Walz was a good coach in all the right ways

The best high school coaches, and there are some out there, believe in their players as more than just puzzle parts. They want to win, but they show qualities of grace when losing. 

By

Columnists

August 15, 2024 - 2:46 PM

U.S. Vice President and 2024 Democratic presidential candidate Kamala Harris and her running mate Minnesota Gov. Tim Walz greet supporters as they arrive to a campaign rally in Eau Claire, Wisconsin, Aug, 7, 2024. (Kamil Krzaczynski/AFP/Getty Images/TNS)

Before Gov. Tim Walz became the most famous person in America to coach high school football, there was Eric Taylor.

Coach Taylor was sensitive. Coach Taylor put his players first. Coach Taylor could motivate without screaming and denigrating. Coach Taylor took a back seat to the career of his wife. Coach Taylor was cool and handsome. 

He’s what we think of when we think of the ideal high school coach: empathetic, humane, with a drive to win but compassion after a loss. He was the embodiment of masculinity without the obnoxious edge. 

If coaching experience was the only criterion in running for vice president — and it feels hard to forget that it’s not, given the media frenzy around Mr. Walz — Coach Taylor would be the hands-down choice.

But Coach Taylor is a fictional device, a character of calculated Hollywood imagination, played by Kyle Chandler in the television show “Friday Night Lights.” 

Vice President Kamala Harris sprinkled her running mate with a little Coach Taylor fairy dust when she introduced Mr. Walz at a rally in Philadelphia. “Under those Friday night lights,” she said, “Coach Walz motivated his players to believe they could achieve anything.” 

I have to admit, as the originator of that phrase with the title of my book, I was flattered, and the crowd definitely responded.

Along with a pastor and a potbellied sheriff, the high school coach has come to occupy a central role in the lifeblood of an idealized small town. Everybody knows who he is and everybody wants a piece of him: backslapping when he wins, starting a whisper campaign to get rid of him when he loses. 

He is in charge of a precious resource — teenage boys — and his job is to push those kids to realize their potential. He can be responsible for the way a town feels about itself, bringing pride and excitement to a place that has little of either.

But fiction rarely meets fact. The image of Coach Taylor is embedded in popular culture — but it is just that, a Hollywood image, in which every great quality was accentuated. My experience with the real Friday night lights culture was markedly different, a cautionary tale about high school football in Odessa, Texas, and the shocking excesses that took place.
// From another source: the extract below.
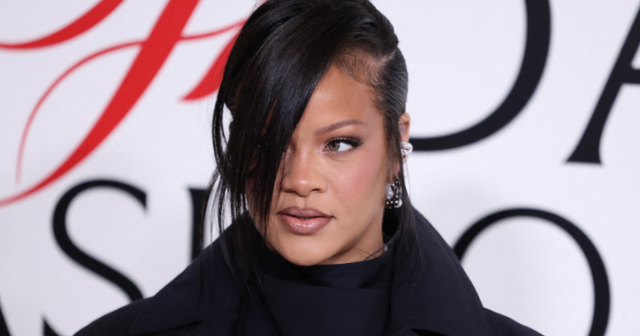 Rihanna shkëlqen në Tribeca Film Festival, paraqitja e saj elegante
I have been around plenty of high school coaches. I have researched them. I have noticed their increased professionalism, the high salaries they are paid and the multimillion dollar stadiums that have been built for their teams. 

This goes beyond a football-obsessed state like Texas: We are a win-obsessed society, and your life as a high school coach depends on winning. 

When winning is the only goal, corners will be cut and abuse is all too common.

Much as we romanticize the vanishing college athlete, who plays for an amateur’s love of the sport, we romanticize the football coach as an inspirational motivator who pats babies and small children on the head. 

The best high school coaches, and there are some out there, believe in their players as more than just puzzle parts. They want to win, but much like Gary Gaines, the real coach featured in my book who inspired the character of Coach Taylor, they show qualities of grace when losing. They understand kids and approach them as mentors, as the kids struggle with adolescence and maturity and moodiness.